The Abe administration is boasting that its general account budget for fiscal 2014 — totaling a record ¥95.88 trillion — reflects its resolve to achieve the dual tasks of pulling the nation out of decades-old deflation and restoring fiscal health to the government.
Experts, however, say it fails to show that the Abe team is serious about revising the debt-driven fiscal structure as more than 40 percent of the budget will be paid for through new debt issuance.
The administration plans to issue ¥41.25 trillion in new bonds, down ¥1.6 trillion from fiscal 2013. It also expects more than ¥50 trillion in tax revenue, counting on a ¥5 trillion rise thanks to the consumption tax hike in April to 8 percent as well as an increase in revenue due to an uptick in the economy.
“The budget is still inflated,” remarked Sayuri Kawamura, senior economist at the private-sector Japan Research Institute. “It fails to deal squarely with the nation’s fiscal problem. Outlays will increase in pretty much all areas except for allocation of tax grants to local governments.”
Kawamura’s view is in stark contrast to the comments made Tuesday by Chief Cabinet Secretary Yoshihide Suga, who claimed the draft budget has “managed to reduce the new issuance of bonds while prioritizing investments in the future and ensuring safety and security in people’s lives.”
In particular, Suga cited a drop in the primary balance deficit — the gap between revenue excluding one from debt issuance and policy spending — to ¥18.0 trillion, a ¥5.2 trillion improvement from fiscal 2013, as an example that the administration is making progress in curbing expenditures while investing in growth areas.
The administration of Prime Minister Shinzo Abe pledges to trim that deficit by ¥4 trillion in fiscal 2014 and by another ¥4 trillion the following year, toward the goal of halving the primary balance deficit by 2015 compared with the 2010 levels and eventually erasing the deficit by 2020.

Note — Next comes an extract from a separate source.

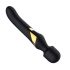 Dorcel Orgasmi Doppi Oro - Vibratore Massaggiatore Ricaricabile 2in1 (Nero)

Kawamura, however, cautioned against putting too much emphasis on primary balance figures, saying the policy plan itself is far from enough to address the fiscal crisis, where the national debt is expected to reach ¥1.01 quadrillion at the end of fiscal 2014, more than 200 percent of gross domestic product.
Naomi Muguruma, senior market economist at Mitsubishi UFJ Morgan Stanley Securities Co., likewise is far from thrilled by the draft budget.
“I don’t think the budget shows characteristics unique to Abe,” Muguruma said, noting the overall structure remains unchanged from previous versions, except for social security costs, which will top ¥30 trillion for the first time.
She said the goal of halving the primary balance deficit by 2015 will be achievable — if the government follows through with its plan to raise the sales tax to 10 percent in October 2015.
“So far we have a tailwind in the sense that the economy is recovering,” she said. “But from fiscal 2016 onward, I think there’s a huge possibility that the plan to improve the primary account balance will falter.”
Masaya Sakuragawa, a professor of economics at Keio University, gave an even grimmer assessment of the draft budget.
“I guess the budget, at a glance, could be described as a good one amid the worst circumstances,” he said, pointing to a ¥7 trillion increase in tax revenue. “But over the medium to long term, it only shows that the pace of Japan heading into default has slowed down.”